A digitalização das vidas e suas consequências

Como a queda das redes sociais na última semana expôs a fragilidade da base de nossas relações afetivas e de trabalho
POR Cláudio Sena
(Foto: Glen Carrie)

Sobre as redes sociais, a verdade é que mordemos a isca. Algumas vezes por necessidade, outras por safadeza mesmo. Entregamos boas fatias da nossa Pirâmide de Maslow individual ao Instagram, Facebook, Twitter e às próximas que surgirão.

Durante o bug mundial ocorrido na semana passada, oscilei entre alívio e a preocupação com o vendedor de frango que me vendera o almoço pelo WhatsApp no dia anterior, tudo online, com pagamento em Pix. Definitivamente, as ameaças e as vantagens do virtual são reais.

Interessantes estes às vezes parceiros de negócios, às vezes  cupidos, chamados Zuckerberg, Acionistas e CIA LTDA. Entregaram o canal de bandeja para a gente, com algoritmos bem solícitos lá em 2004. Caímos. Comemos o queijo da ratoeira que disparou propositalmente atrasada. Agora o meninão e sua turma controlam tudo. Inclusive o quanto da campanha publicitária de varejo funcionará e o quanto funcionou, já que ele mesmo oferece o canal, entrega o produto e comenta os resultados. Isso sem checar o movimento na loja. 

Ah, se fossem apenas nas lojas os efeitos. Se a gente cruzar variáveis para entender esse fenômeno de migração das sociabilidades e da economia para o virtual, é capaz de encontrarmos relação com a venda de produtos farmacêuticos, com a queda na taxa de natalidade, com o crescimento do segmento pet, com o consumo de música sul-coreana and so on

Agora ficou difícil cortar os fios que controlam nossos bonecos de marionete. Para falar a verdade, se a gente sair pro off, forçados ou não, aguardemos as consequências. Vide a segunda-feira passada. É o peso e o risco de migrar nossos negócios, nossos empregos, nossos dinheiro, nossos amores, nosso lazer para um só lugar. Pior, um lugar controlado por uma só pessoa ou um pequenino grupo que, não sei se você sabe, não se preocupa tanto assim conosco. 

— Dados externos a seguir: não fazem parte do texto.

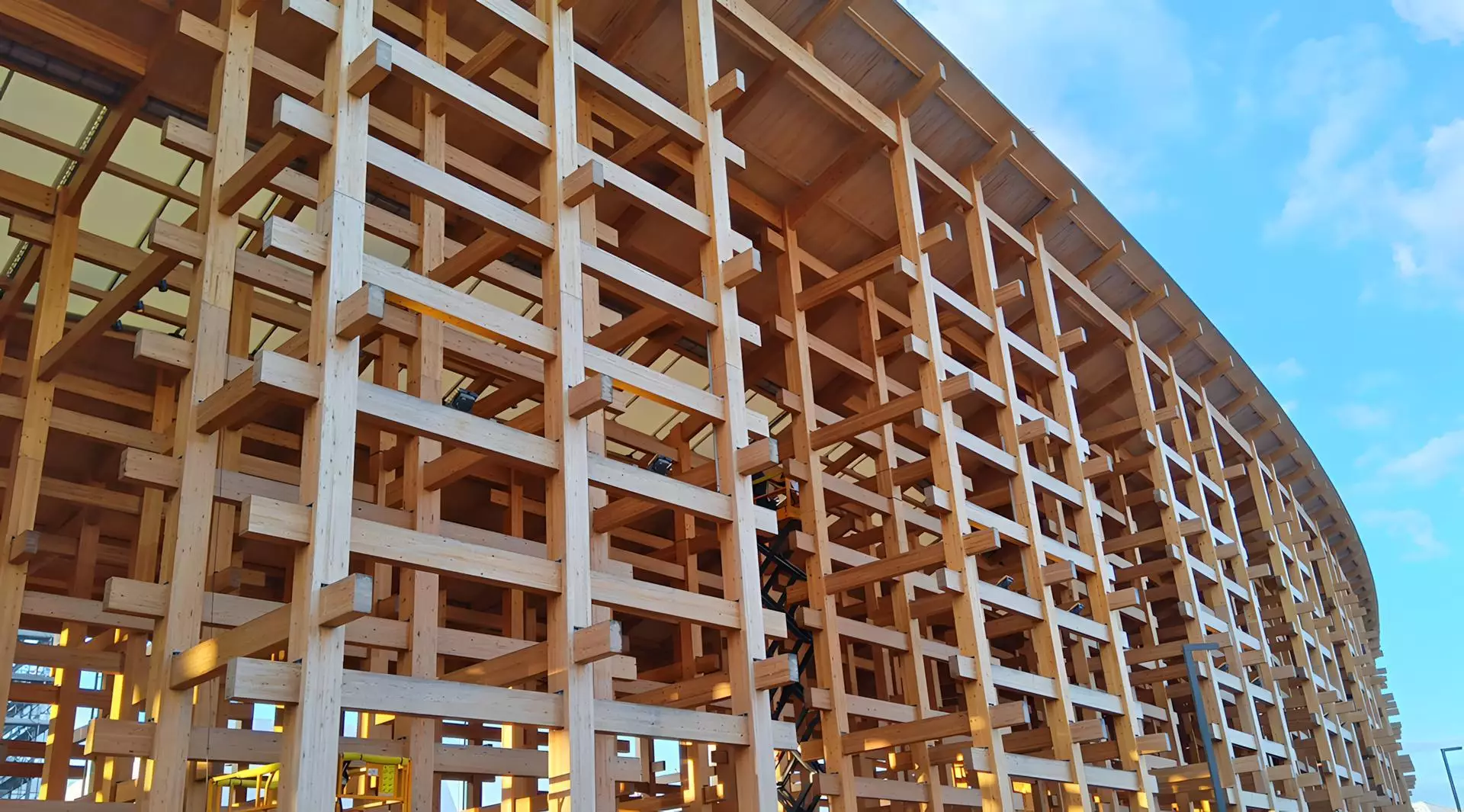 Le Grand Anneau est fabriqué en bois et utilise une technique japonaise traditionnelle pour assembler les pièces sans clous ni vis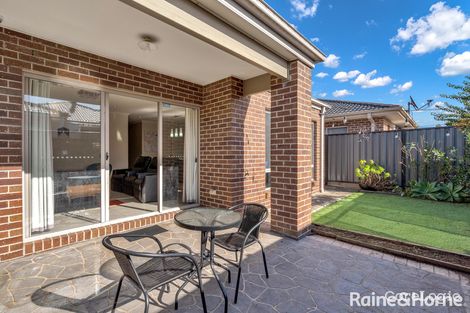 Property photo of 32 Villandry Street Roxburgh Park VIC 3064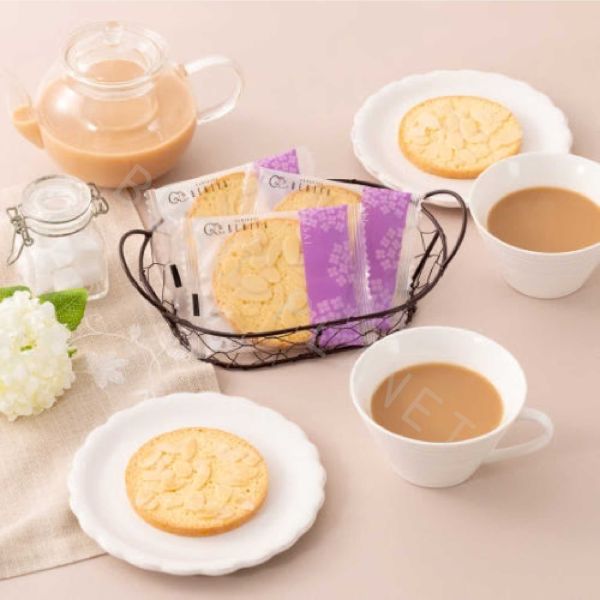 鎌倉紅谷 煉乳杏仁片脆餅 煉乳杏仁片餅乾 日本伴手禮 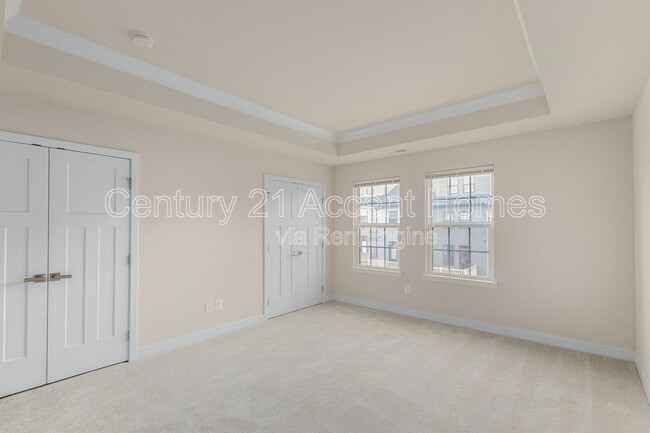 Building Photo - 14020 Sunrise Valley Dr
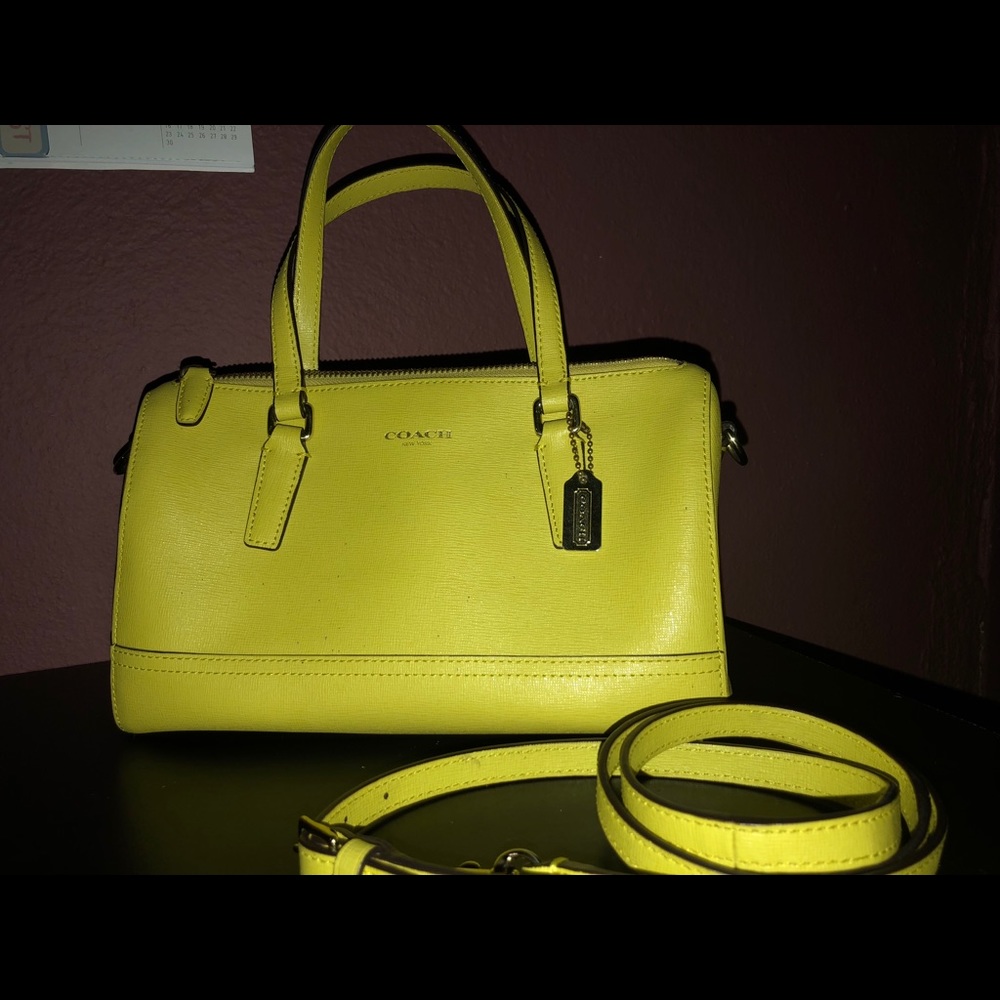 Neón Yellow Coach Cross / Bag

E a saída? Ir para espaços mais democráticos certamente tendo como gestor um outro Zuckerberg, de outro continente? Ou seria melhor repensar por completo nossas relação entre nós mesmos e sobretudo com estes espaços de interatividade que puxam para as telas vidas inteiras com cada vez mais amplitude e força. Tenho a impressão de que, se a gente continuar nesse ritmo, vamos acabar dançando bonito. E, desta vez, fora das redes sociais.

Cláudio Sena

Doutor em sociologia, professor, pesquisador e publicitário, é mestre em Ciências da Comunicação pela Universidade do Porto.